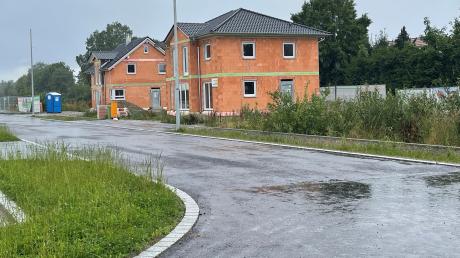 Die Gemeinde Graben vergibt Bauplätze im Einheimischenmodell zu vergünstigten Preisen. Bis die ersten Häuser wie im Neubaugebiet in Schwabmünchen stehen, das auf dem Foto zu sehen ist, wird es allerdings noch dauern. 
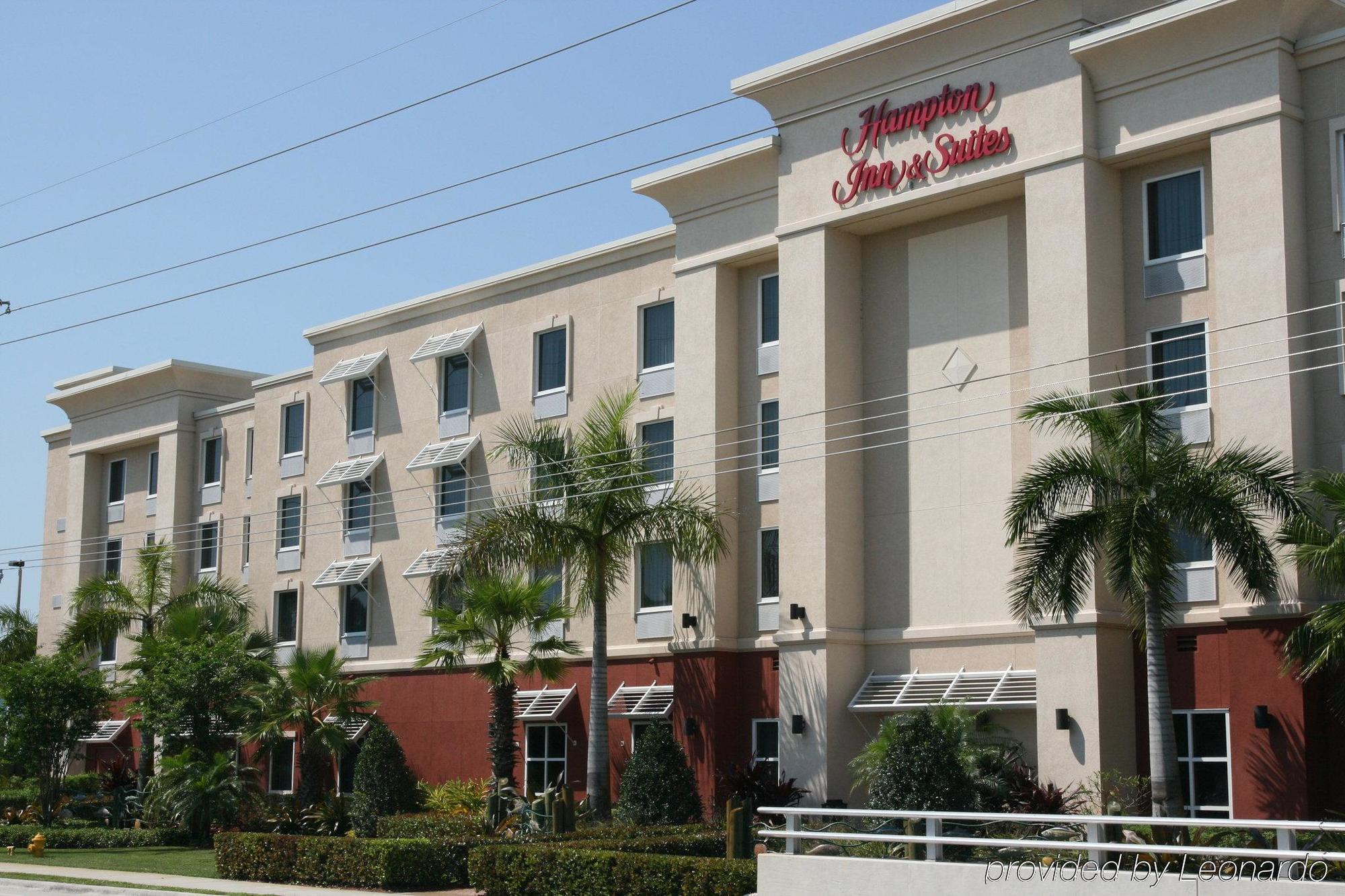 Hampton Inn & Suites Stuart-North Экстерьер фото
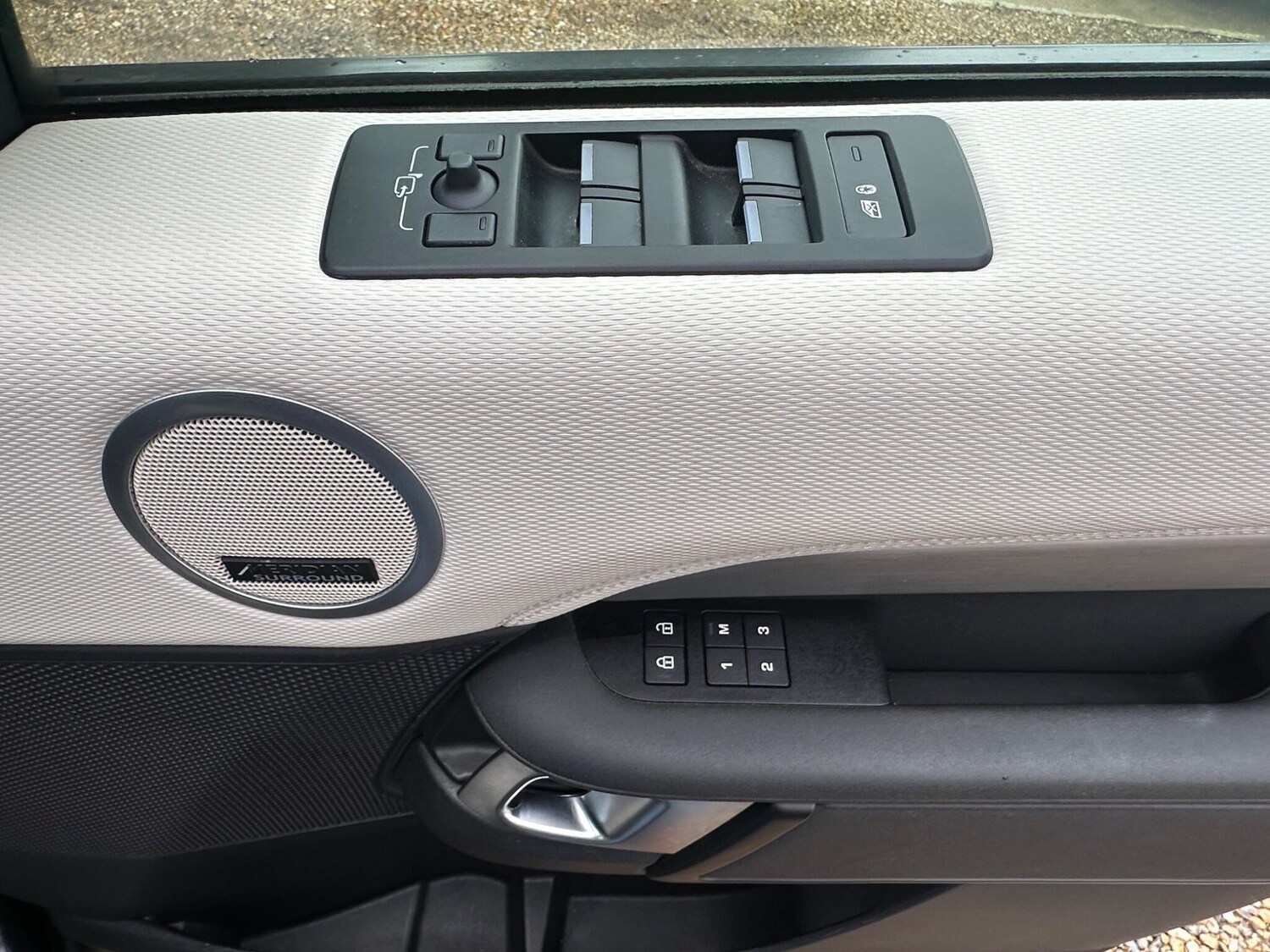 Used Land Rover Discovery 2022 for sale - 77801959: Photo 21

+ + + + +

Brief:
Could you output the listing word for word, omitting every picture?

Result:
 Die Gemeinde Graben vergibt Bauplätze im Einheimischenmodell zu vergünstigten Preisen. Bis die ersten Häuser wie im Neubaugebiet in Schwabmünchen stehen, das auf dem Foto zu sehen ist, wird es allerdings noch dauern. 
 Hampton Inn & Suites Stuart-North Экстерьер фото
 Used Land Rover Discovery 2022 for sale - 77801959: Photo 21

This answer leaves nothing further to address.